The main questions the study aims to answer are:
Researchers will compare these immune parameters between nut-allergic participants on oral immunotherapy and with nut-allergic participants on avoidance diet. Additionally, we will also compare the immune parameters of these nut-allergic participants with those healthy adults.
Background: The prevalence of peanut together with tree nut allergies have increase over the years and accounts for most of the life-threatening reactions even to minute doses of the allergen. Consequently, peanut and tree-nut allergies cause significant physical and mental burden to patients and their caretakers due to anxiety and fear of anaphylaxis from accidental exposures, stress from following a strict elimination diet, lack of proactive management plan and due to the low probability of natural recovery of such allergies. For decades, the management relied on a strict avoidance of the culprit foods. Oral immune therapy (OIT) is a ground breaking alternative modality to strict avoidance diets. OIT consist of gradual introduction of low doses of the implicated food allergen with the aim to modulate the patient's immune response and help build immunological and clinical tolerance. Though OIT has its strong advantages, the clinical outcome is variable among the patients. Therefore, there is a clear need for reliable ex-vivo biomarkers that are reflective of the clinical progression and therapy outcome that could aid with a more accurate patient stratification for personalized treatment approaches in the future.

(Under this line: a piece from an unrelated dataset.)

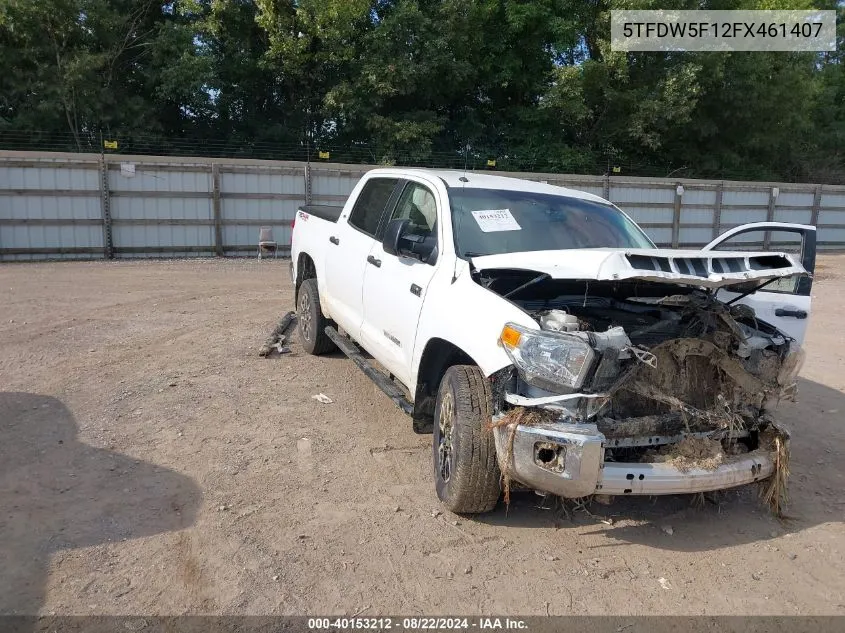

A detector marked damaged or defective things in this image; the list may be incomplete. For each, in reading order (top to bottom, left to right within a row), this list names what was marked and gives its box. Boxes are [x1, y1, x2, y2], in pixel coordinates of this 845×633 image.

detached hood [472, 248, 808, 290]
broken headlight [498, 324, 596, 392]
damaged front end [478, 272, 800, 508]
torn bumper trim [492, 420, 776, 498]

Aims: This project aims at measuring immune targets, antibodies, immune cells and immune mediators, in patients' blood during oral food challenges (OFCs) and during the course of standard-of-care oral immunotherapy to identify new immune markers correlating to with the clinical outcome of the treatment. The identification of immune modifications during OIT will allow us to endotype patients and possibly aid in unraveling markers of food challenges and therapy progression as well as OIT outcome.
Luxembourg partners: The Luxembourg Institute of Health (LIH), Department of Infection and Immunity (DII; head Prof. M. Ollert) has the scientific project lead (Principal Investigator Dr. A. Kuehn). Main clinical partners are Dr. F. Codreanu-Morel and Dr. V. Petit-Cordebar from the National Unit of Immunology-Allergology, Centre Hospitalier (CHL), Luxembourg. Medical Principal Investigator for healthy controls is Dr. Alessia Pochesci, MD, Clinical and Epidemiological Investigation Center (CIEC), Luxembourg Institute of Health (LIH), Luxembourg. The Integrated Biobank of Luxembourg (IBBL) will prepare and store a subset of clinical samples until use. Other biological samples are prepared and stored at DII, LIH. Clinical samples (blood, sera, plasma,stool) will be analyzed at DII, LIH.
Project implementation: The clinicians at CHL will perform detailed clinical examinations of participants including skin prick test (SPT), serological analysis for specific IgE and food challenges to the implicated food allergen as per their routine clinical practice at the National Unit of Immunology-Allergology (CHL). Based on the European Academy of Allergy and Clinical Immunology (EAACI) guidelines and procedures established at CHL, all peanut- and tree-nut-allergic participants eligible for the study will undergo a baseline OFC. OFC is adapted from PRACTALL protocol and allergen doses are adjusted according to the clinical reactivity of the patient.
For participants eligible for immunotherapy (N= 30 Peanut-OIT and N=30 Tree nut-OIT), the OIT is based on the established protocol at the clinic and adapted from the current literature. Briefly, participant ingest incremental doses of the allergen (peanut/tree nut) at home until they reach a maintenance dose of 300 mg nut-protein in approximately 26 weeks (6 months). This initial phase of OIT is termed as the build-up phase. This is then followed by continued daily intake of this maintenance dose. After a minimum of 12 months of the maintenance phase of OIT, participants undergo another final OFC at the hospital to assess for desensitization to peanut or tree nut. Participants follow up at the hospital every 6 months i.e at end of the build-up phase, after 6 months and after 12 months of daily intake of maintenance dose.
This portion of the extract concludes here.